DESCRIPTION OF THE TASK: After locating the line containing "Vintage Hallmarked 9k", transcribe that line and all following lines exactly, stopping only at the end of the records.

DATA SECTION:
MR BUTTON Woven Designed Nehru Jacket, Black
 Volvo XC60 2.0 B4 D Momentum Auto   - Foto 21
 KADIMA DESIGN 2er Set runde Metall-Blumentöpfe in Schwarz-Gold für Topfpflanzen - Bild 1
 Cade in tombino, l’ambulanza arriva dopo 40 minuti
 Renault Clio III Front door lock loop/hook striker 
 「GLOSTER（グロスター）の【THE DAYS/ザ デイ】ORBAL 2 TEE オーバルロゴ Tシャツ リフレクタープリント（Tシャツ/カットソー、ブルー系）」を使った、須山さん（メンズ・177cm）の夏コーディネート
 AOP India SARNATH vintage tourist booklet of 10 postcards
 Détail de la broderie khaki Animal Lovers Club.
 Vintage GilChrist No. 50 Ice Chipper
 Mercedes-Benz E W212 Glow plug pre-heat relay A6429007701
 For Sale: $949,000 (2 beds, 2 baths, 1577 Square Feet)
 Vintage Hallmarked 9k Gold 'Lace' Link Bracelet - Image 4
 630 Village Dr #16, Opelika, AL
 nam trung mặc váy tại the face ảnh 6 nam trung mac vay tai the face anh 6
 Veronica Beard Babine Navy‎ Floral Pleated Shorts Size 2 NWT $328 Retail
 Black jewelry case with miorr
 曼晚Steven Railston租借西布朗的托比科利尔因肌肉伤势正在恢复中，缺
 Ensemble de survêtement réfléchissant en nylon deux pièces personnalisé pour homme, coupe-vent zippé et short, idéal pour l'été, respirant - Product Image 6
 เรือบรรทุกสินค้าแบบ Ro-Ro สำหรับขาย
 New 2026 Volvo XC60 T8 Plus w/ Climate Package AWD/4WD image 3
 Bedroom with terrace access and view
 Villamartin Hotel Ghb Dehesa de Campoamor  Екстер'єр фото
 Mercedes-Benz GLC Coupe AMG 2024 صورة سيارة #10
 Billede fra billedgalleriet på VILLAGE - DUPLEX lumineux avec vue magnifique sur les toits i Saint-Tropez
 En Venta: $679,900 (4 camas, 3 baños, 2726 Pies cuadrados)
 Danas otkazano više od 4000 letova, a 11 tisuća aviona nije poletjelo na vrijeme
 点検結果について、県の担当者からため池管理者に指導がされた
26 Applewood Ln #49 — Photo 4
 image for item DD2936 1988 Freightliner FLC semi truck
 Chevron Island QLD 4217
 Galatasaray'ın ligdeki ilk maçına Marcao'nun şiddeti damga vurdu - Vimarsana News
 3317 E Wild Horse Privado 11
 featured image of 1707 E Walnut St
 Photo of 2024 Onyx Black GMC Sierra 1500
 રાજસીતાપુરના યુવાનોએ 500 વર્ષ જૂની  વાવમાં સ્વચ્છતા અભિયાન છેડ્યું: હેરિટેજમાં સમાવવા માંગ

PROBLEM SOLUTION:
 Vintage Hallmarked 9k Gold 'Lace' Link Bracelet - Image 4
 630 Village Dr #16, Opelika, AL
 nam trung mặc váy tại the face ảnh 6 nam trung mac vay tai the face anh 6
 Veronica Beard Babine Navy‎ Floral Pleated Shorts Size 2 NWT $328 Retail
 Black jewelry case with miorr
 曼晚Steven Railston租借西布朗的托比科利尔因肌肉伤势正在恢复中，缺
 Ensemble de survêtement réfléchissant en nylon deux pièces personnalisé pour homme, coupe-vent zippé et short, idéal pour l'été, respirant - Product Image 6
 เรือบรรทุกสินค้าแบบ Ro-Ro สำหรับขาย
 New 2026 Volvo XC60 T8 Plus w/ Climate Package AWD/4WD image 3
 Bedroom with terrace access and view
 Villamartin Hotel Ghb Dehesa de Campoamor  Екстер'єр фото
 Mercedes-Benz GLC Coupe AMG 2024 صورة سيارة #10
 Billede fra billedgalleriet på VILLAGE - DUPLEX lumineux avec vue magnifique sur les toits i Saint-Tropez
 En Venta: $679,900 (4 camas, 3 baños, 2726 Pies cuadrados)
 Danas otkazano više od 4000 letova, a 11 tisuća aviona nije poletjelo na vrijeme
 点検結果について、県の担当者からため池管理者に指導がされた
26 Applewood Ln #49 — Photo 4
 image for item DD2936 1988 Freightliner FLC semi truck
 Chevron Island QLD 4217
 Galatasaray'ın ligdeki ilk maçına Marcao'nun şiddeti damga vurdu - Vimarsana News
 3317 E Wild Horse Privado 11
 featured image of 1707 E Walnut St
 Photo of 2024 Onyx Black GMC Sierra 1500
 રાજસીતાપુરના યુવાનોએ 500 વર્ષ જૂની  વાવમાં સ્વચ્છતા અભિયાન છેડ્યું: હેરિટેજમાં સમાવવા માંગ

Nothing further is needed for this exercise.